[Web page caption snippets]

--*--

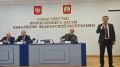 Премии Главы Кабардино-Балкарии получили 59 школьников и 45 педагогов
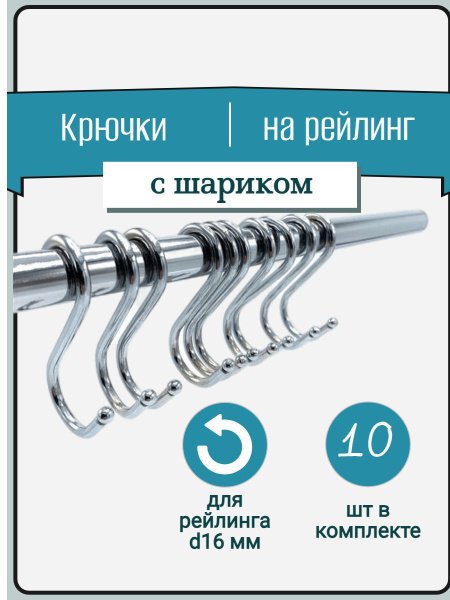 Крючки на рейлинг Мебельная Фурнитура Фаворит, 5.5х5.5, Хромированная ...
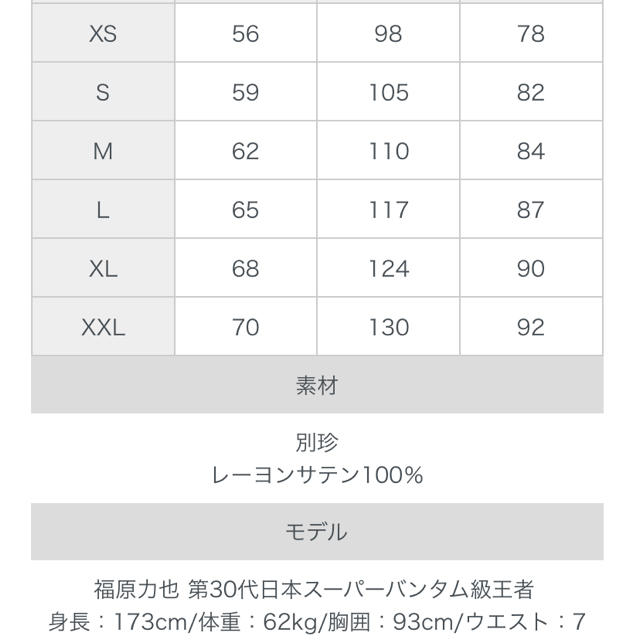 VANSON(バンソン)のメンズスカジャン　別珍リバーシブル　バンソン メンズのジャケット/アウター(スカジャン)の商品写真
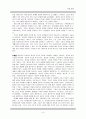 [원서번역] Generalist Social Work Practice (저자 - Elizabeth M. Timberlake...) 11장 Termination 9페이지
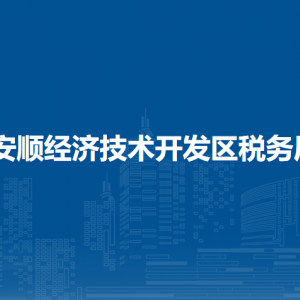 安順經(jīng)濟(jì)技術(shù)開(kāi)發(fā)區(qū)稅務(wù)局辦稅服務(wù)廳辦公時(shí)間地址及咨詢電話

--*--

§ **Action item**
Your reply should repeat the entries above exactly, leaving the pictures out.

§ **Task response**
 Премии Главы Кабардино-Балкарии получили 59 школьников и 45 педагогов
 Крючки на рейлинг Мебельная Фурнитура Фаворит, 5.5х5.5, Хромированная ...
 VANSON(バンソン)のメンズスカジャン　別珍リバーシブル　バンソン メンズのジャケット/アウター(スカジャン)の商品写真
 [원서번역] Generalist Social Work Practice (저자 - Elizabeth M. Timberlake...) 11장 Termination 9페이지
 安順經(jīng)濟(jì)技術(shù)開(kāi)發(fā)區(qū)稅務(wù)局辦稅服務(wù)廳辦公時(shí)間地址及咨詢電話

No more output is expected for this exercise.